Millions of people visit hospitals worldwide annually to receive bone grafts to treat bone diseases and defects. This raises a huge burden on any society. The discovery of stem cells, which are special cells from which all other functional cells are produced, has been a revolution in the bone regeneration field. For decades, stem cells, especially the ones in the bone marrow, have been successfully expanded in the laboratory and combined with safe materials to reconstruct bone defects that cannot heal on their own. However, researchers have struggled to establish this as a standard therapy in the clinic. One of the reasons behind that is that these stem cells when implanted interact with the recipient?s immune system and this impacts the success of the therapy. These interactions are largely unexplored and not understood. Therefore, our project was designed to help understand the role played by the immune system in the regeneration process after implanting stem cell-based therapies. This will be done by focusing on one of the immune cells, namely regulatory T cell, which has recently shown an unexplored critical potential on regeneration. We aim to unravel their molecular crosstalk with the implanted stem cells for bone regeneration. This functional crosstalk between the cells will be utilized to advance current stem cell expansion conditions and to design next generation regenerative therapies. This project brings together internal expertise and methodology in different fields from an outstanding network of international and national collaborators. We aim to produce knowledge to advance therapies that translate to positively impact healing of patients with clinically challenging bone defects. This project may also have wider implications for patients with compromised healing in tissues other than bone.

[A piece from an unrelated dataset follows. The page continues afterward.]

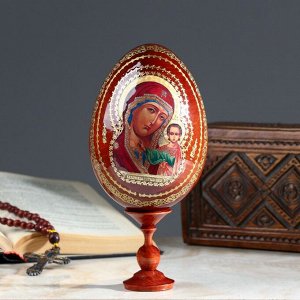 Яйцо сувенирное "Богоматерь Казанская", на подставке, крупноликая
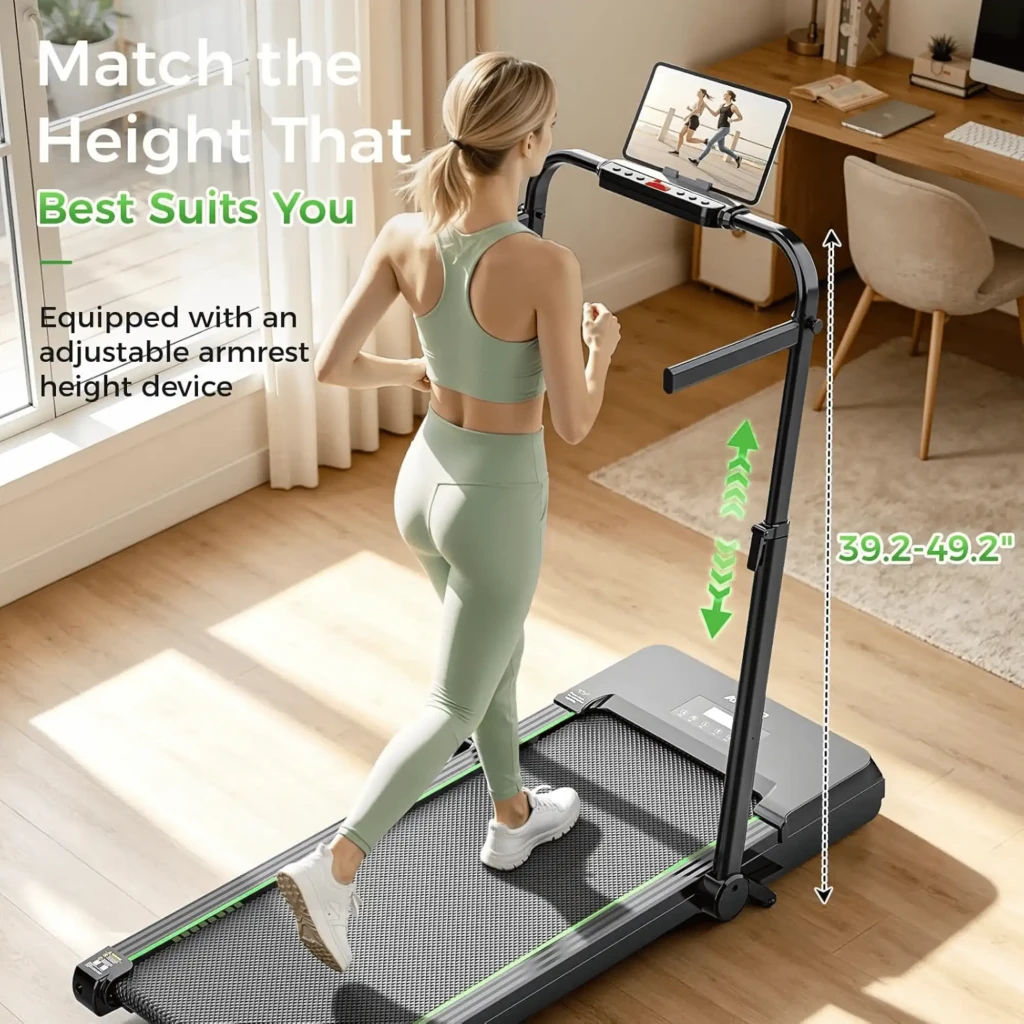 Akluer TW140x cinta de correr plegable con inclinación 12%, altavoz Bluetooth, barandillas laterales, pantalla para tablet y diseño compacto para casa - Ítem4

Critical sized bone defects present with a clinical challenge to date. Bone tissue engineering introduced the in vitro expansion of bone marrow-derived mesenchymal stem cells (BMSC) combined with biomaterials to reconstruct clinically challenging defects. Transplanted BMSC encounters a myriad of interactions with the recipient's immune system that affect the efficacy of the therapy. A particular subset of the adaptive immunity, regulatory T cells (Treg), has gained interest due to their critical potential on endogenous regeneration, which remains unexplored. We hypothesise that the interplay between the host immune system and the implanted BMSC to be centred around the Treg and BMSC cross-talk. There is a clear knowledge gap in the role of Treg in bone regeneration. By deciphering the molecular mechanisms to explain how Treg functionally regulates BMSC and their precise roles in bone regeneration, we will bridge this gap. This understanding will be translated into clinically relevant and novel cell-based therapeutics for bone regeneration. STEMreg aims to elucidate the functional impact of Treg on BMSC and harness the translational potential of this cross-talk using functionalised delivery systems in vivo. Bringing together internal expertise and methodology in different fields from an outstanding network of international and national collaborators we aim to achieve this goal through the following work packages: WP1. characterise the impact of Treg on BMSC and dissect the molecular mechanisms by which Treg controls the fate of BMSC; WP2. introducing Treg capacities as a BMSC priming strategy in optimised xenogeneic-free expansion, WP3. assessing the importance of endogenous Treg in the efficacy of the BMSC construct in vivo, WP4. harnessing endogenous Treg to promote BMSC-based bone regeneration in vivo.